In [6]:
"""
phoenix_scrape_single.py   –   v3
holt Kurzbeschreibung + ALLE Tabellen aus den Technical-Data-Accordion-Tabs
"""

import json, re, time, requests
from bs4 import BeautifulSoup, Tag
from typing import Dict

HEADERS = {
    "User-Agent": (
        "Mozilla/5.0 (Windows NT 10.0; Win64; x64) "
        "AppleWebKit/537.36 (KHTML, like Gecko) "
        "Chrome/125.0 Safari/537.36"
    )
}
BASE_URL = "https://www.phoenixcontact.com/de/produkte/{artnr}"
TIMEOUT = 15


def fetch_soup(article: str) -> BeautifulSoup:
    url = BASE_URL.format(artnr=article)
    r = requests.get(url, headers=HEADERS, timeout=TIMEOUT)
    r.raise_for_status()
    return BeautifulSoup(r.text, "html.parser")
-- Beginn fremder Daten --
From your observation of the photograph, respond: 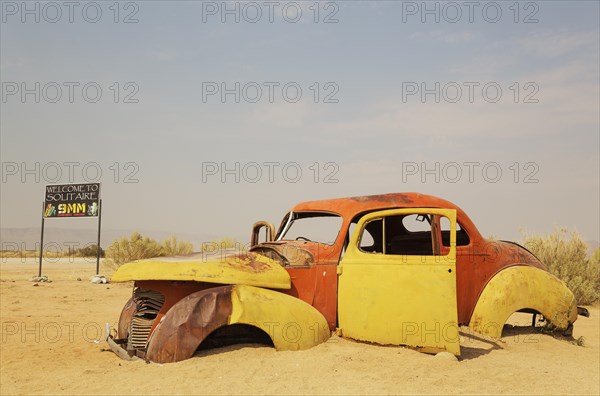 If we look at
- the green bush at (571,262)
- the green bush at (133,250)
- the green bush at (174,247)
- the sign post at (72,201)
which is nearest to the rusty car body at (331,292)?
the green bush at (571,262)

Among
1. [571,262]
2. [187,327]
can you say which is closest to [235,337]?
[187,327]

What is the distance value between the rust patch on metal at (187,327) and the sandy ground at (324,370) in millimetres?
138

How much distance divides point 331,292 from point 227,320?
1.34 metres

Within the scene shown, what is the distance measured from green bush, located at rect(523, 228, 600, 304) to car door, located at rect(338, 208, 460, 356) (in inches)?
Result: 452

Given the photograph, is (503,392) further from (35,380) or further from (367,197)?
(35,380)

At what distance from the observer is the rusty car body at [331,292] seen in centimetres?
556

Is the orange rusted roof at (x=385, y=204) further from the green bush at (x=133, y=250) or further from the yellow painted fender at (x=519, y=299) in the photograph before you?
the green bush at (x=133, y=250)

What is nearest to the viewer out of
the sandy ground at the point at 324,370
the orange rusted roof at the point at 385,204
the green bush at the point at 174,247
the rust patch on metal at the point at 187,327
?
the sandy ground at the point at 324,370

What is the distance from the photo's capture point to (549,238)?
57.8ft

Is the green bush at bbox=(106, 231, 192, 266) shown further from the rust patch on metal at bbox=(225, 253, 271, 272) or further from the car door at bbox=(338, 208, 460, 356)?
the car door at bbox=(338, 208, 460, 356)

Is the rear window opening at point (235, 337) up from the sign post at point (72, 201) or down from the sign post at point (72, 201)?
down

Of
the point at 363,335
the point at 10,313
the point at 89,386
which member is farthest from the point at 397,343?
the point at 10,313

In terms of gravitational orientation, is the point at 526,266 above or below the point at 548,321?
above

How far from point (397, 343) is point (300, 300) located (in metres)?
1.11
def get_short_description(soup: BeautifulSoup) -> str | None:
    meta = soup.find("meta", {"name": "description"})
    if meta and meta.get("content"):
        return meta["content"].strip()
    p = soup.find(id="pr-short-description")
    return p.get_text(strip=True) if p else None


# ------------------------- helpers ------------------------------------------
def _kv_from_table(tbl: Tag) -> Dict[str, str]:
    kv = {}
    for tr in tbl.select("tr"):
        tds = tr.find_all("td")
        if len(tds) >= 2:
            k = tds[0].get_text(" ", strip=True)
            v = tds[1].get_text(" ", strip=True)
            if k and v:
                kv[k] = v
    return kv


def _kv_from_dl(dl: Tag) -> Dict[str, str]:
    kv = {}
    for dt, dd in zip(dl.find_all("dt"), dl.find_all("dd")):
        k = dt.get_text(" ", strip=True)
        v = dd.get_text(" ", strip=True)
        if k and v:
            kv[k] = v
    return kv


# ------------------ NEU: robustes Accordion-Parsing --------------------------
def parse_tech_tables(soup: BeautifulSoup) -> Dict[str, Dict[str, str]]:
    """
    • findet das Haupt-Accordion „Technische Daten“
    • durchläuft ALLE divs, deren class mit 'accordion__item' beginnt
    """
    tech_root = soup.find(
        lambda t: t.name in ("label", "div", "h2", "h3")
        and "Technische Daten" in t.get_text()
    )
    if not tech_root:
        return {}

    tech: Dict[str, Dict[str, str]] = {}

    # alles nach dem Root bis zum nächsten H2/H3, der NICHT mehr zu Tech-Daten gehört
    for node in tech_root.find_all_next(
        lambda t: t.name == "div"
        and any(cls.startswith("accordion__item") for cls in t.get("class", []))
    ):
        # wenn wir aus dem technischen Daten-Block herauslaufen → abbrechen
        headline = node.find(class_="accordion__item__headline")
        if headline and "Technische Daten" not in headline.get_text():
            break  # nächster großer Abschnitt (z. B. Downloads …)

        # Untersektion?
        sub_label = node.find(class_=re.compile(r"accordion__label--sub"))
        if not sub_label:
            continue  # Top-Item selbst, nicht die Unterpunkte

        section = sub_label.get_text(" ", strip=True)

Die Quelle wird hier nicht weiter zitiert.